CQRS and Event Sourcing Pattern
CQRS-based systems use separate read and write data models, each tailored to relevant tasks and often located in physically separate stores.
Event-sourcing: Instead of storing just the current state of the data in a domain, use an append-only store to record the full series of actions taken on that data.

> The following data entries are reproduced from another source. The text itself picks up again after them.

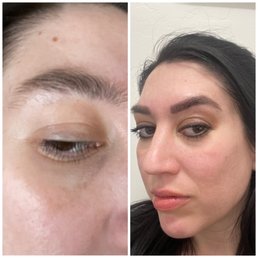 Before and after microblading/eyebrow tattooing Before and after microblading/eyebrow tattooing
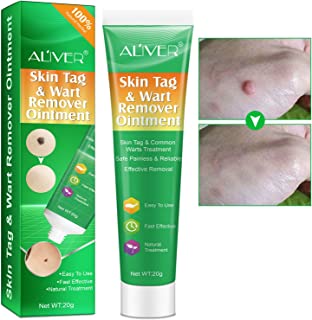 Skin Tag Remover Warts & Mole Remover Cream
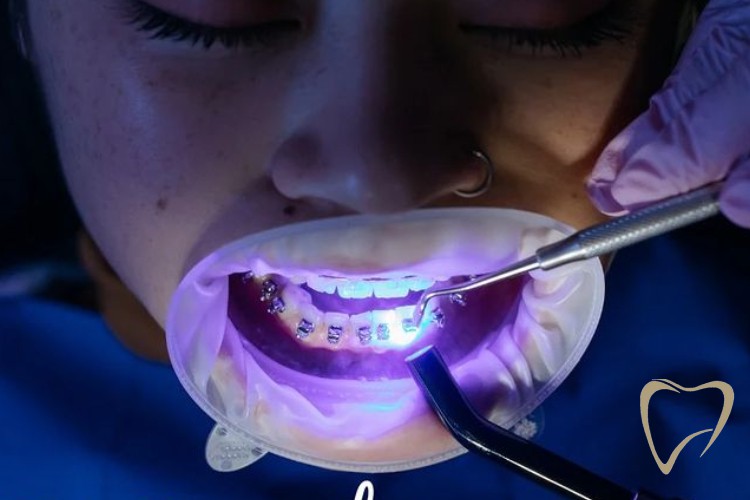Traitement Orthodontique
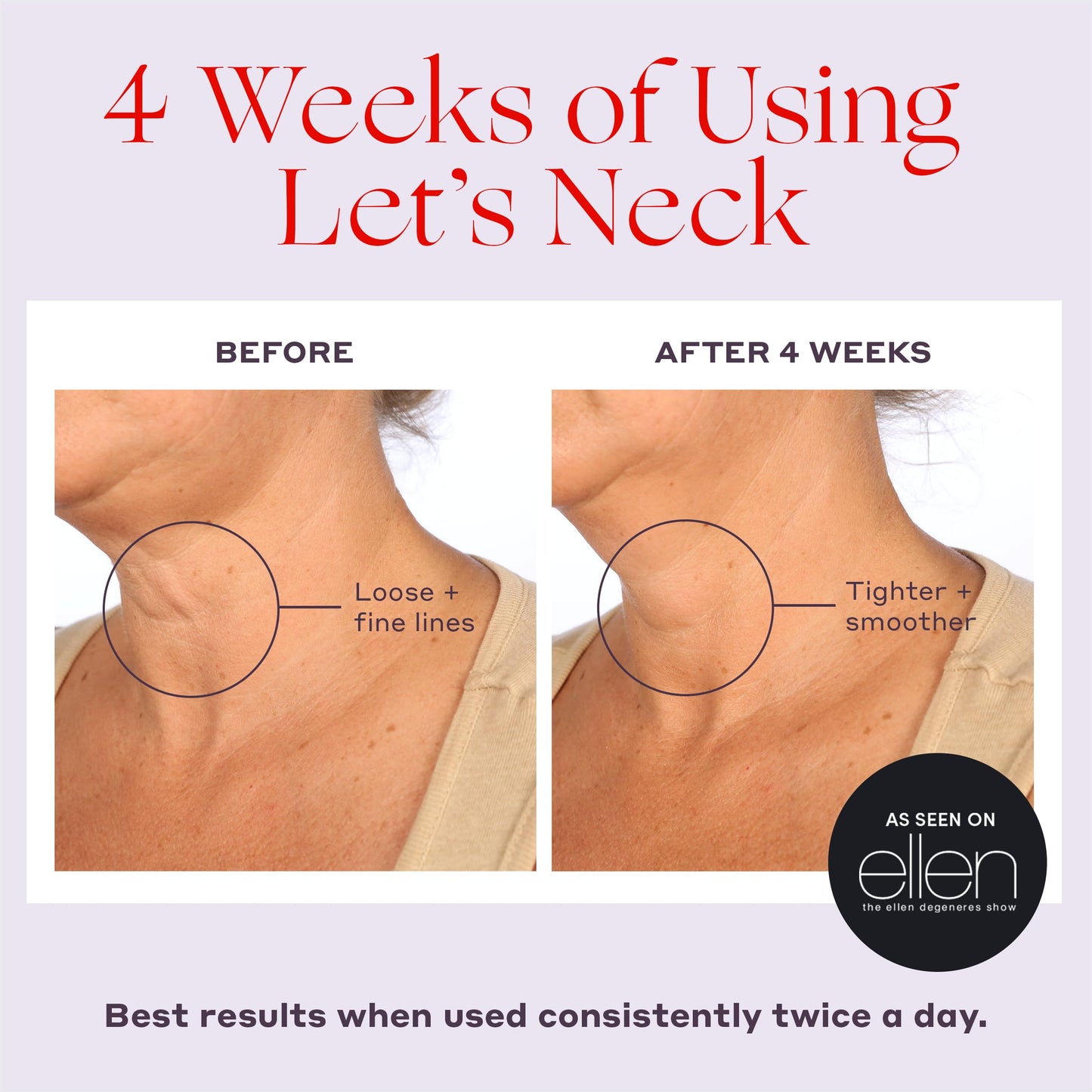 Womaness Let's Neck Firming Serum with Cooling Roller – Hydrates, Lifts & Smooths Wrinkles, Tightens Sagging Skin, 50ml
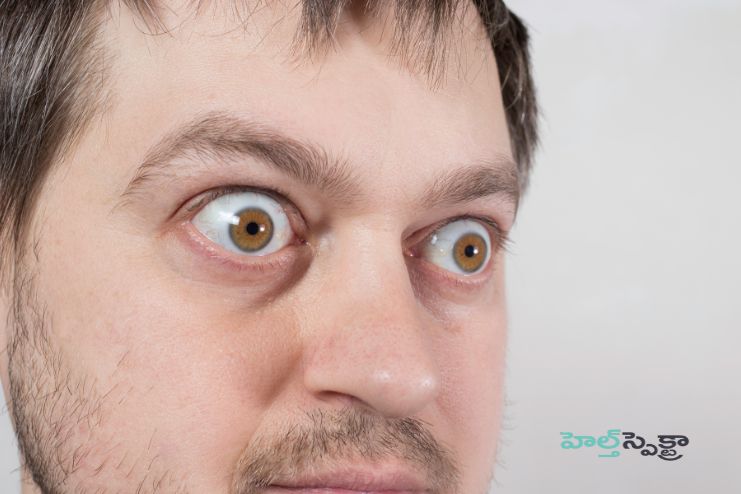 Graves' disease Medications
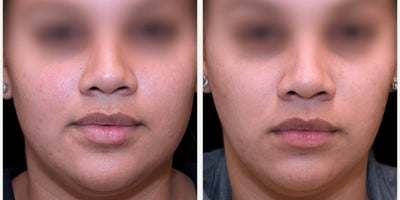25-34 year old woman treated with Botox for TMJ - Check out these amazing results from botox for masseters.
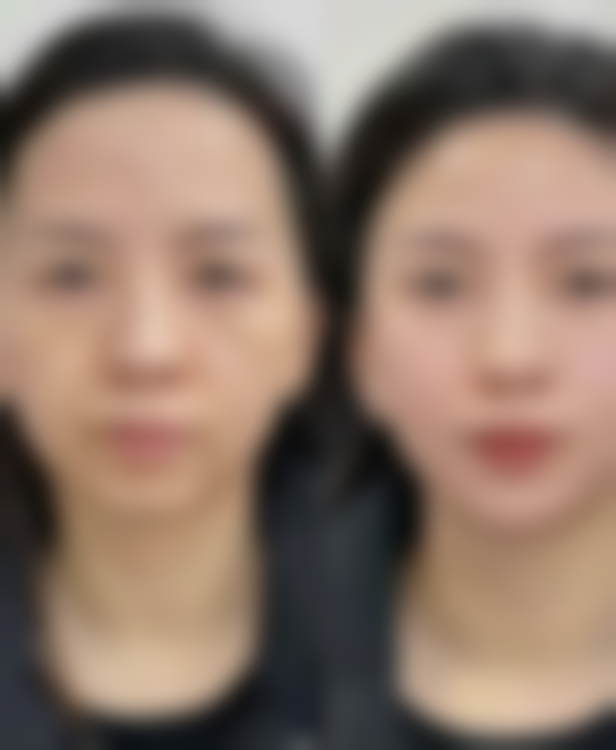 疤痕体质疤痕增生能治好吗？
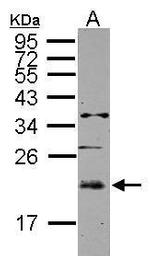 UBE2E3 Polyclonal Antibody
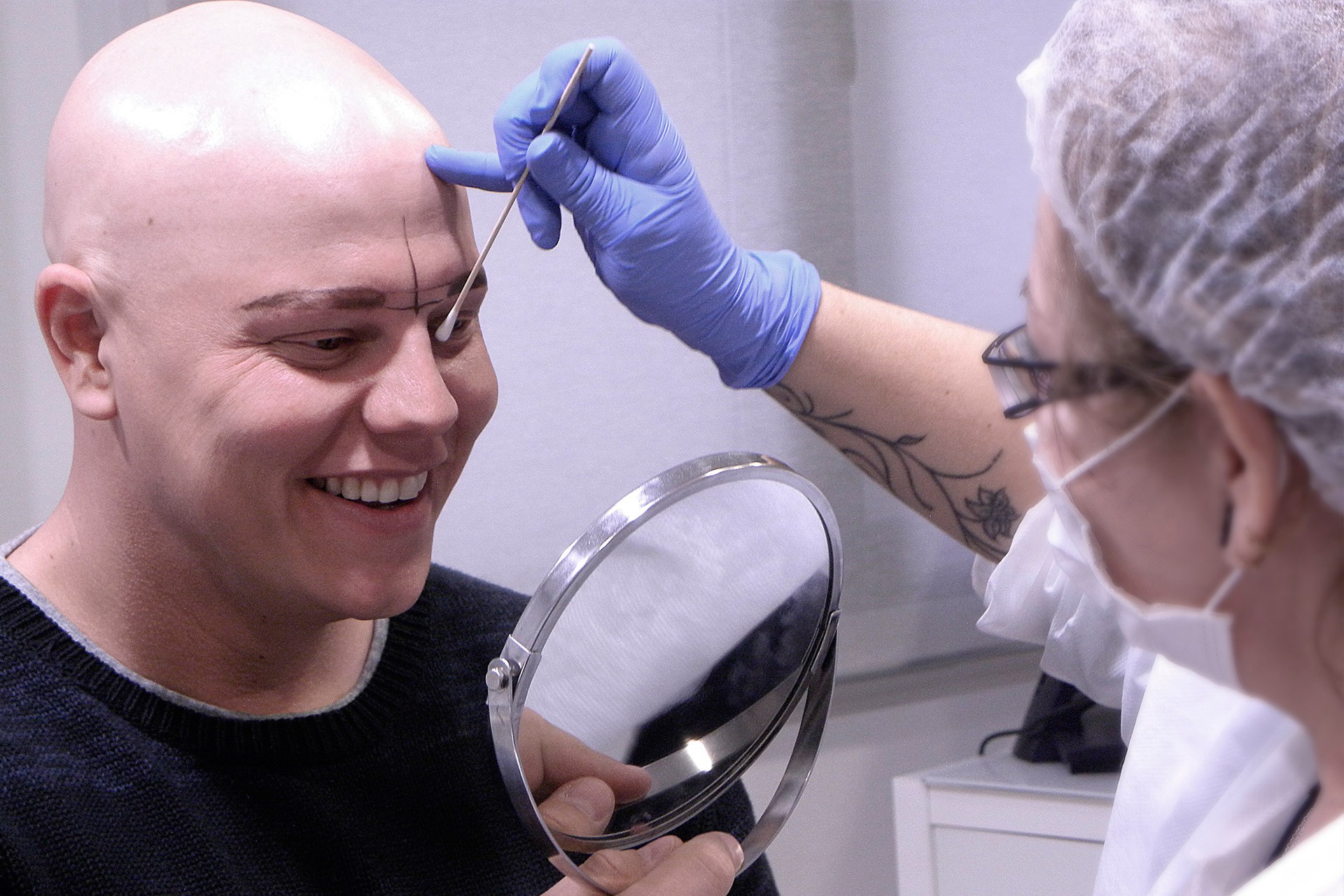 Caso de micropigmentación de cejas en cliente con alopecia universal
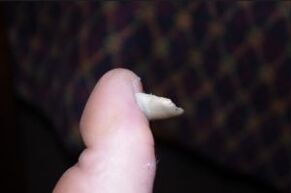 Symptômes des champignons sur les ongles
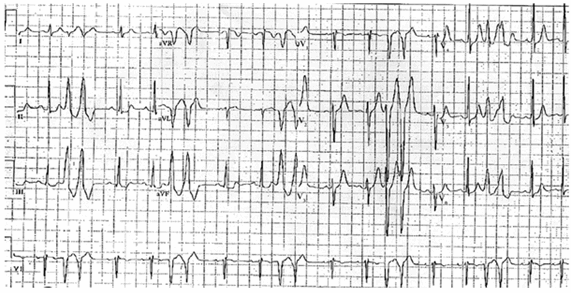 Nhịp tim nhanh thất bó đường ra thất phải (block nhánh trái - biến đổi trục lệch phải).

Decouple: one team of developers can focus on the complex domain model that is part of the write model, and another team can focus on the read model and the user interfaces.
Ingest Solutions - dual writes
Dual Write
- brings complexity in business system
- is less fault tolerant when backend message queue is blocked or under maintenance
- suffers from race conditions and consistency problems
Business log
- concerns of data sensitivity
- brings complexity in business system

Ingest Solutions - database operations
Snapshot
- data in the database is constantly changing, so the snapshot is already out-of-date by the time it’s loaded
- even if you take a snapshot once a day, you still have one-day-old data in the downstream system
- on a large database those snapshots and bulk loads can become very expensive
Data offload
- brings operational complexity
- is inability to meet low-latency requirements
- can’t handle delete operations
Ingest Solutions - capture data change
process only “diff” of changes
- write all your data to only one primary DB;
- extract two things from that database:
- a consistent snapshot and
- a real-time stream of changes
Benefits:
- decouple with business system
- get a latency of less than a second
- stream is ordering of writes, less race conditions
- pull strategy is robust to data corruption (log replaying)
- support as many variant data consumers as required

Ingest Solutions - wrapup
Considering data application under the picture of business application, we will focus on the ‘capture changes to data’ components.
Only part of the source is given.